The task » When you reach the line in the data below that contains "Colorful Geometry Landscape", please start repeating lines exactly, and stop after the line that contains "夏末傍晚书桌旁妈妈指着作业严肃催促男孩紧张不情愿", repeating nothing else.

(Records from a dataset)
● ● ● ●

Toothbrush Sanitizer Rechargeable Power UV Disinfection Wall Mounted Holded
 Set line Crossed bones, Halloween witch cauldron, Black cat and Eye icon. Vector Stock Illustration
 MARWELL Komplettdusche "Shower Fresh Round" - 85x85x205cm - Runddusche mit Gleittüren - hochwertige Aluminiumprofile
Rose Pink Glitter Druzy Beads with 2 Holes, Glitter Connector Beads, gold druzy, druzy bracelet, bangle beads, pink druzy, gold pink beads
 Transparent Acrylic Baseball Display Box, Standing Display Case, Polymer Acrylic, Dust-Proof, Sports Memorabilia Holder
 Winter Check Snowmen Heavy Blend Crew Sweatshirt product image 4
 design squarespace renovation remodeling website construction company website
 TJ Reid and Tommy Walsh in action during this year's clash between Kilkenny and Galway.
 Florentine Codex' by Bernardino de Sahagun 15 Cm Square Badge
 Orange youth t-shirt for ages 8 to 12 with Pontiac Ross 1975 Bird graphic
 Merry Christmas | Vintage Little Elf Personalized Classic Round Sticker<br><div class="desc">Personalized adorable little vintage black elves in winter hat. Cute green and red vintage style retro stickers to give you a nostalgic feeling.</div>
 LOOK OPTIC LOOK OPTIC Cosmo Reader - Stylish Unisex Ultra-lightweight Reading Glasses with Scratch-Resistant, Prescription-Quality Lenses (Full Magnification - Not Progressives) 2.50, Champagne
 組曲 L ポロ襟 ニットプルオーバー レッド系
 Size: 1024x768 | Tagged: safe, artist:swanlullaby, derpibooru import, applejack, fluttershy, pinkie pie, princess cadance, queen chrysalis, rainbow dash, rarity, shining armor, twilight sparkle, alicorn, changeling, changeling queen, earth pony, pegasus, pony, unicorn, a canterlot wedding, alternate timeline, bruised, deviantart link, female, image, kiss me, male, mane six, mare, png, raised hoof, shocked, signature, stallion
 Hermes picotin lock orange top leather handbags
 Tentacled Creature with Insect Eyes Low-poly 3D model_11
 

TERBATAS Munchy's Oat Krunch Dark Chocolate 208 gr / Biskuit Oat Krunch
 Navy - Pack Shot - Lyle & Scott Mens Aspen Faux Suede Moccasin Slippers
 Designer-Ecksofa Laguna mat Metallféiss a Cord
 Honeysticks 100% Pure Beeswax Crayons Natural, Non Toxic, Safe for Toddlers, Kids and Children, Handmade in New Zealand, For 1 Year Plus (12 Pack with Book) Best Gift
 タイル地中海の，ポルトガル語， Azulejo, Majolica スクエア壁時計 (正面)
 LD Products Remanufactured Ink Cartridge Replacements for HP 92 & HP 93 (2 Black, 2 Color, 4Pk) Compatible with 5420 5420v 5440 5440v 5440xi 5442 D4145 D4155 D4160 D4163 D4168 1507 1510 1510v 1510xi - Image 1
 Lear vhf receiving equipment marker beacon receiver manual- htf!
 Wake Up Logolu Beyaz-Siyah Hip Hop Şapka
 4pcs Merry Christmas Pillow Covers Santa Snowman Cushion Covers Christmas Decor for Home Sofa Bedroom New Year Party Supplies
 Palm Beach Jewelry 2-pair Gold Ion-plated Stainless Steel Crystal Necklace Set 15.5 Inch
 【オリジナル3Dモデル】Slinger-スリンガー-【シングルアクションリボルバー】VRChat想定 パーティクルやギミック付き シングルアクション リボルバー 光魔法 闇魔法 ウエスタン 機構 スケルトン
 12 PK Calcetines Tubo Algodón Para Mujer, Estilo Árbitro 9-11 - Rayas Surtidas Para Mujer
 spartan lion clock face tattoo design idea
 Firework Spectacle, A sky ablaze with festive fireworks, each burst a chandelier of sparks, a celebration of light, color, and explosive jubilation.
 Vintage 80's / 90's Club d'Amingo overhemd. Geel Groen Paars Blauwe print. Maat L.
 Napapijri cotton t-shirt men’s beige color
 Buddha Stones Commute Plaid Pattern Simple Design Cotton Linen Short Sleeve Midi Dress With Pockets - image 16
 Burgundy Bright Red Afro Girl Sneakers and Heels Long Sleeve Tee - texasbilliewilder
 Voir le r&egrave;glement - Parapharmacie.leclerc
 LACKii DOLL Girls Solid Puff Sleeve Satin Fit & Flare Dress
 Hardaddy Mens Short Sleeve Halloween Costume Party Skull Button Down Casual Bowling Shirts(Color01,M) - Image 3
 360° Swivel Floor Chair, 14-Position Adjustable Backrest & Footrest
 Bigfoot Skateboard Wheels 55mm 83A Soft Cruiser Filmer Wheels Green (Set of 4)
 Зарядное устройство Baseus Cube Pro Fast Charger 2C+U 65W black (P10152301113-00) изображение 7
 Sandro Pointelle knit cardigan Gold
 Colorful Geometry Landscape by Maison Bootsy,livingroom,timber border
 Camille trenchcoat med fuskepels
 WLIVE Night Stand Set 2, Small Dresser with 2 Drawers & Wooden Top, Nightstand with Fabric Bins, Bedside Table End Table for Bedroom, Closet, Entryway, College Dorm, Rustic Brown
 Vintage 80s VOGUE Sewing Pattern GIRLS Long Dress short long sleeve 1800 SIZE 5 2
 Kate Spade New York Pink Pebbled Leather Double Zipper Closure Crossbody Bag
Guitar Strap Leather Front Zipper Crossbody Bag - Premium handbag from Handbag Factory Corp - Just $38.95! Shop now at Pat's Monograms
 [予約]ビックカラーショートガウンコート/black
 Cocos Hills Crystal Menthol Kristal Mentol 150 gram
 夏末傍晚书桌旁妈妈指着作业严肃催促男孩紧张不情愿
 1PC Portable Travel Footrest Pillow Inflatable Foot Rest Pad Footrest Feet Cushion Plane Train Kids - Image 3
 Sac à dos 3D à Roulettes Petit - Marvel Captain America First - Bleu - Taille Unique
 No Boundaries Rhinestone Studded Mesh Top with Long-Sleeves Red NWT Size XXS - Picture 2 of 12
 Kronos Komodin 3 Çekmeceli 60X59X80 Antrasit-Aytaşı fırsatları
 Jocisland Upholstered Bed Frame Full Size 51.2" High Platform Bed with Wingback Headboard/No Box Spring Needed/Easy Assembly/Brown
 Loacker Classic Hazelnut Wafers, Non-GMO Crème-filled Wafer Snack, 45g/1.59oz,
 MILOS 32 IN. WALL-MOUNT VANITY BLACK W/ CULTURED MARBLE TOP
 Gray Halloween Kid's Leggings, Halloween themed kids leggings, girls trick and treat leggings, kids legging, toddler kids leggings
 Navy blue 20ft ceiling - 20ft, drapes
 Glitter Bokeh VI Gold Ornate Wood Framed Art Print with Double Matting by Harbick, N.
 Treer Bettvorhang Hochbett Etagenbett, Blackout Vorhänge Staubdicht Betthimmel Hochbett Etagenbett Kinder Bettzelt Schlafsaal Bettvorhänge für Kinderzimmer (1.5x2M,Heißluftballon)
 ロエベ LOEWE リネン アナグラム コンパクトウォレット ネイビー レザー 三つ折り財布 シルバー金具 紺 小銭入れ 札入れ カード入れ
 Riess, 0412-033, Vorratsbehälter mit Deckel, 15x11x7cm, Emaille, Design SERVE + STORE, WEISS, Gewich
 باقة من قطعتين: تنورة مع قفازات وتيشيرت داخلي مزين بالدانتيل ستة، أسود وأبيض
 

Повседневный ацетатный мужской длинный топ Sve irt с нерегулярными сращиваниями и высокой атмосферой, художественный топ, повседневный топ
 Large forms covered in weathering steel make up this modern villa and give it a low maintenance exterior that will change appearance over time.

● ● ● ●

Response »
 Colorful Geometry Landscape by Maison Bootsy,livingroom,timber border
 Camille trenchcoat med fuskepels
 WLIVE Night Stand Set 2, Small Dresser with 2 Drawers & Wooden Top, Nightstand with Fabric Bins, Bedside Table End Table for Bedroom, Closet, Entryway, College Dorm, Rustic Brown
 Vintage 80s VOGUE Sewing Pattern GIRLS Long Dress short long sleeve 1800 SIZE 5 2
 Kate Spade New York Pink Pebbled Leather Double Zipper Closure Crossbody Bag
Guitar Strap Leather Front Zipper Crossbody Bag - Premium handbag from Handbag Factory Corp - Just $38.95! Shop now at Pat's Monograms
 [予約]ビックカラーショートガウンコート/black
 Cocos Hills Crystal Menthol Kristal Mentol 150 gram
 夏末傍晚书桌旁妈妈指着作业严肃催促男孩紧张不情愿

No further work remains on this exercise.